# Chapter 4 Stratified SRS

In a stratified sample the population is first divided into \(H\) groups, known as **strata**, using auxiliary information on the frame. Each unit \(i\) in the population on the frame is placed into one and only one stratum on the basis of a stratification variable, or variables, \(X_i\).

There are \(N_h\) units in stratum \(h\), and these stratum sizes add to the population size
\[\begin{eqnarray*}
N &=& \sum_{h=1}^H N_h
\end{eqnarray*}\]
The **stratum fractions**
\[\begin{eqnarray*}
W_h = \frac{N_h}{N}
\end{eqnarray*}\]
add up to 1:
\[\begin{eqnarray*}
\sum_{h=1}^H W_h &=& 1
\end{eqnarray*}\]

In a stratified SRS we independently draw \(n_h\) units by SRSWOR from each stratum \(h=1,\ldots,H\). The sample weights of units in stratum \(h\) are \[\begin{eqnarray*} w_h = \frac{N_h}{n_h} \end{eqnarray*}\] The total sample size is \[\begin{eqnarray*} n &=& \sum_{h=1}^H n_h \end{eqnarray*}\]

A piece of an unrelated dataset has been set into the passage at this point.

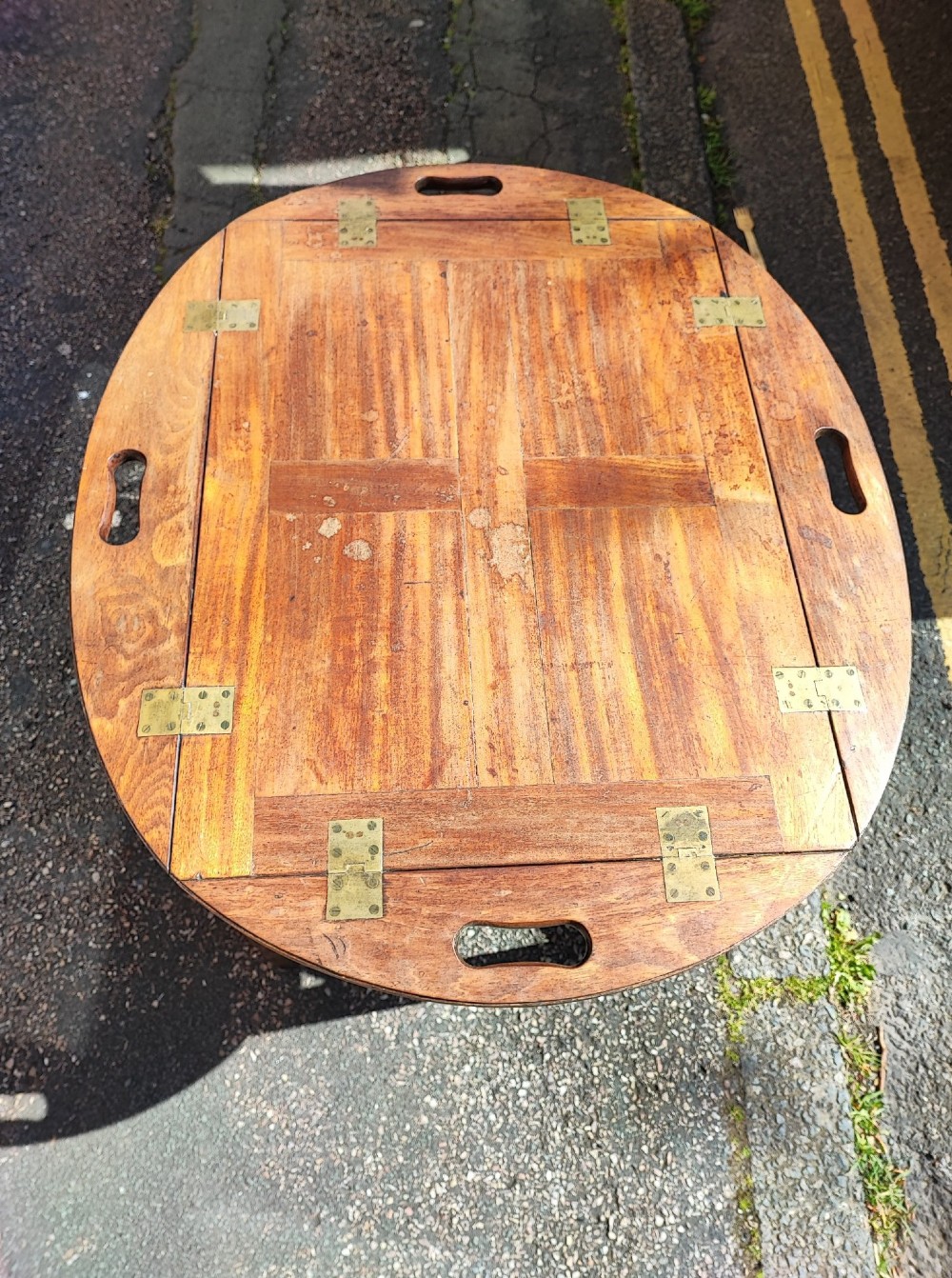 An antique mahogany campaign tray table featuring four hinged drop-down gallery sides with cutout carry handles and brass fittings, supported on a matching wooden stand. View VIII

## 4.1 Specifying a Stratified SRSWOR design

In order for iNZight to carry out an appropriate analysis of a Stratified SRSWOR, we need to identify which units in the sample come from which stratum, and we need to specify the stratum sizes \(N_h\). In iNZight this means

- adding a column to the dataset with the label \(h\) of the stratum to which each sample unit belongs, and then
- adding a column to the dataset with the stratum size \(N_h\) associated with the stratum to which the sample unit belongs, and then
- telling iNZight that the data should be treated as a Stratified SRSWOR, and specifying the columns with the stratum labels and stratum sizes.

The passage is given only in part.